» **WHAT YOU HAVE TO DO**: Find the line that contains "GUCCI Vanity Cosmetic" in the entries below. Output it and each later line exactly, and nothing else.
[SUPPLIED RECORDS]
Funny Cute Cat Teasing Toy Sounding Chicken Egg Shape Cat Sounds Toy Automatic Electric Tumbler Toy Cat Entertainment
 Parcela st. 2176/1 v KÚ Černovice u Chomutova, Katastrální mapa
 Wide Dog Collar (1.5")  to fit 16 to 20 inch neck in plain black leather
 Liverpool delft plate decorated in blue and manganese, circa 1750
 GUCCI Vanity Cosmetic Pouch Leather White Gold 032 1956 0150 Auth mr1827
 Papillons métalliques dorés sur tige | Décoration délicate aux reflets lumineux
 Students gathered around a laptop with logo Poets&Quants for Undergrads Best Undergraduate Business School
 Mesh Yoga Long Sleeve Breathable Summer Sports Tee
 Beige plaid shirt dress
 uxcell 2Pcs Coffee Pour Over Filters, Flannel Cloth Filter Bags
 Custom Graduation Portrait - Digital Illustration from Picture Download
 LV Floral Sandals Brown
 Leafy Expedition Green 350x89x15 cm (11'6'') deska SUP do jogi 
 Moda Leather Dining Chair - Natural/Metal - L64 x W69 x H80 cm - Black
[/SUPPLIED RECORDS]
» **TASK RESULT**:
 GUCCI Vanity Cosmetic Pouch Leather White Gold 032 1956 0150 Auth mr1827
 Papillons métalliques dorés sur tige | Décoration délicate aux reflets lumineux
 Students gathered around a laptop with logo Poets&Quants for Undergrads Best Undergraduate Business School
 Mesh Yoga Long Sleeve Breathable Summer Sports Tee
 Beige plaid shirt dress
 uxcell 2Pcs Coffee Pour Over Filters, Flannel Cloth Filter Bags
 Custom Graduation Portrait - Digital Illustration from Picture Download
 LV Floral Sandals Brown
 Leafy Expedition Green 350x89x15 cm (11'6'') deska SUP do jogi 
 Moda Leather Dining Chair - Natural/Metal - L64 x W69 x H80 cm - Black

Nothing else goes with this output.